- _Given material_:
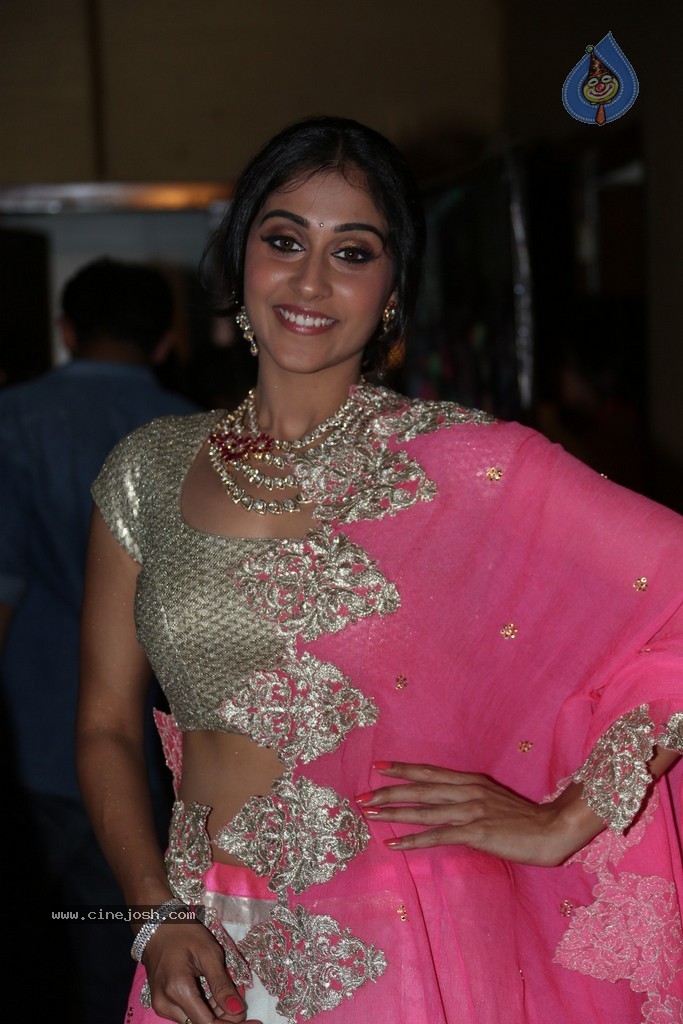 Regina Cassandra Latest Gallery - 28 / 55 photos
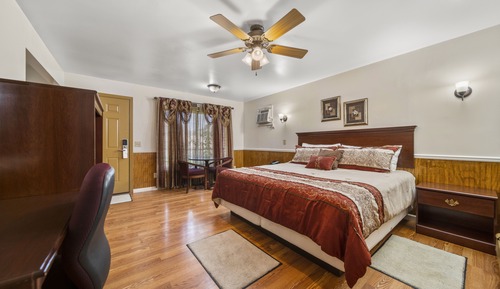 Suite, Multiple Beds, Jetted Tub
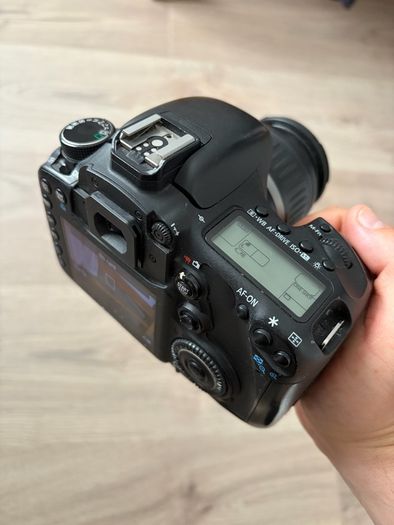 Canon Eos D7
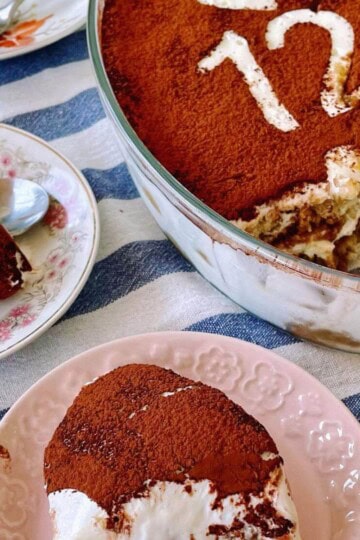 Tiramisu with cream cheese served in dessert plates.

- _Action item_: When the line that holds "Canon Eos D7" is reached, begin duplicating exactly, and continue through the last line of the listing, skipping the pictures; output nothing else.

- _Expected output_:
 Canon Eos D7
 Tiramisu with cream cheese served in dessert plates.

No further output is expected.